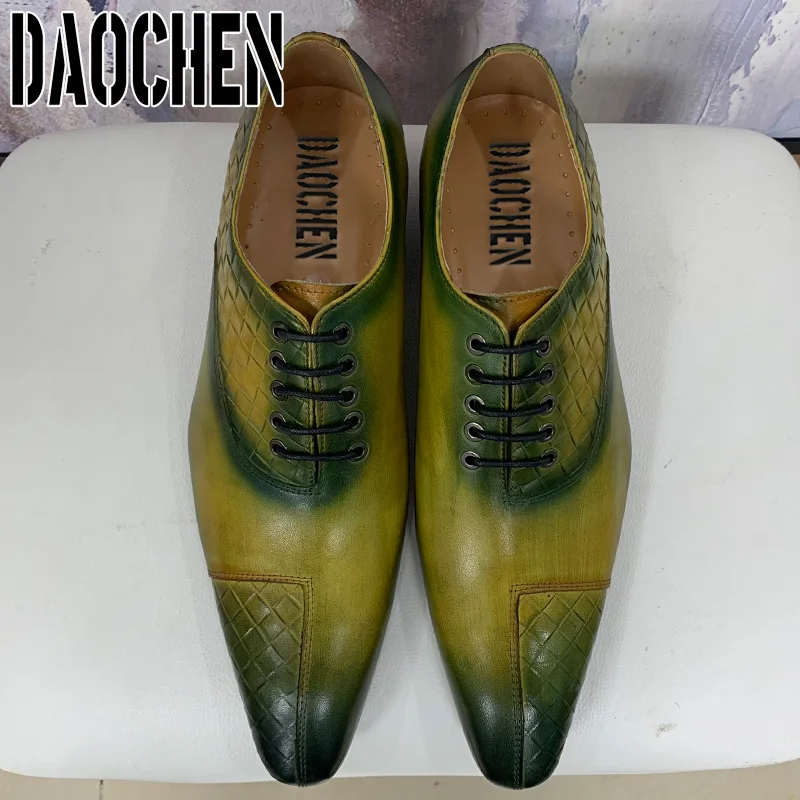 Туфли-оксфорды мужские с разрезом роскошные дизайнерские на шнуровке принтом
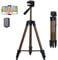 Phone Tripod, LINKCOOL 50 Aluminum Lightweight Portable Camera Tripod for iPhone/Samsung Smartphone/Action Camera/Small DSLR Camera, With Phone Holder & Wireless Remote (Gold Brown)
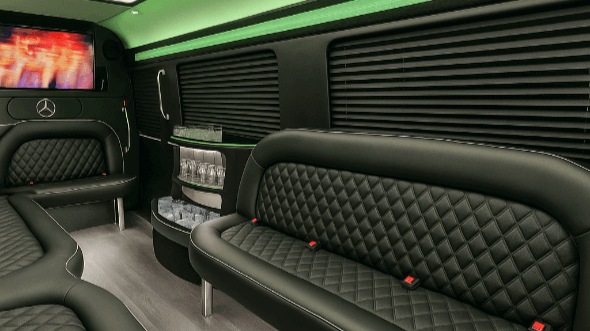 Interior of Concord Party Bus Company's 14 Passenger Sprinter Limousine in Concord
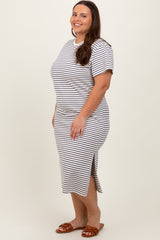 Navy Striped Short Sleeve Plus T-Shirt Midi Dress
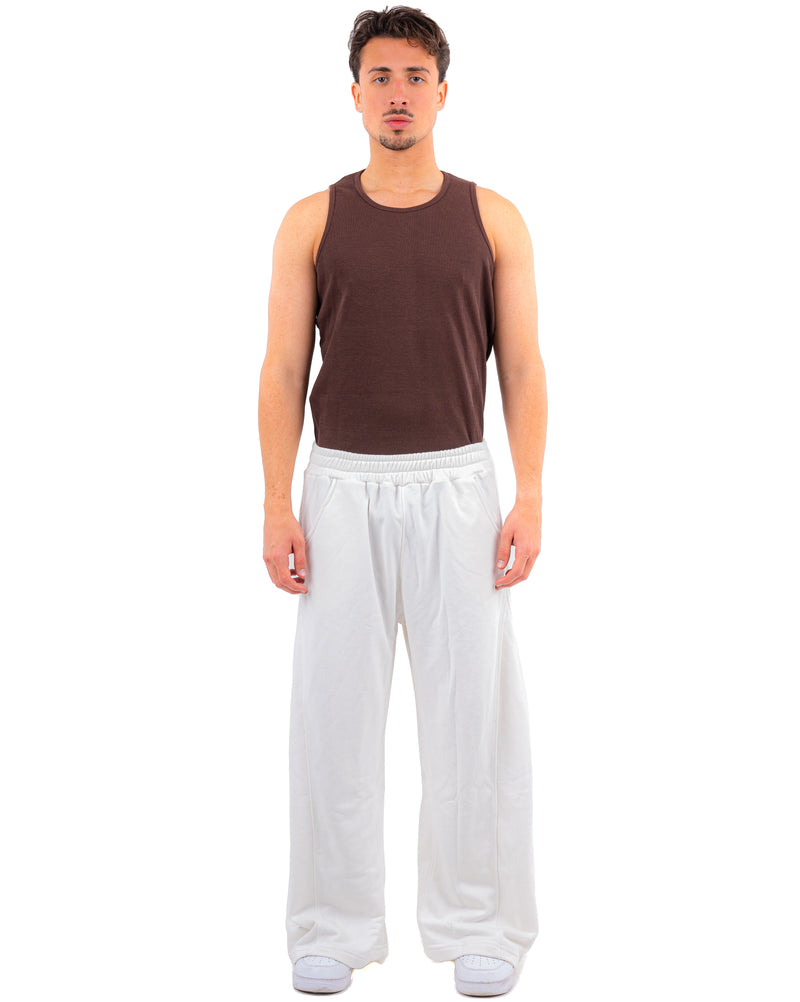 Initials wide leg sweatpants - White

***

= WHAT TO PRODUCE =
Only the lines from the one with "Interior of Concord" through the end of the listing above should be output, exactly as written and with no pictures.

= RESULT OF THE TASK =
 Interior of Concord Party Bus Company's 14 Passenger Sprinter Limousine in Concord
 Navy Striped Short Sleeve Plus T-Shirt Midi Dress
 Initials wide leg sweatpants - White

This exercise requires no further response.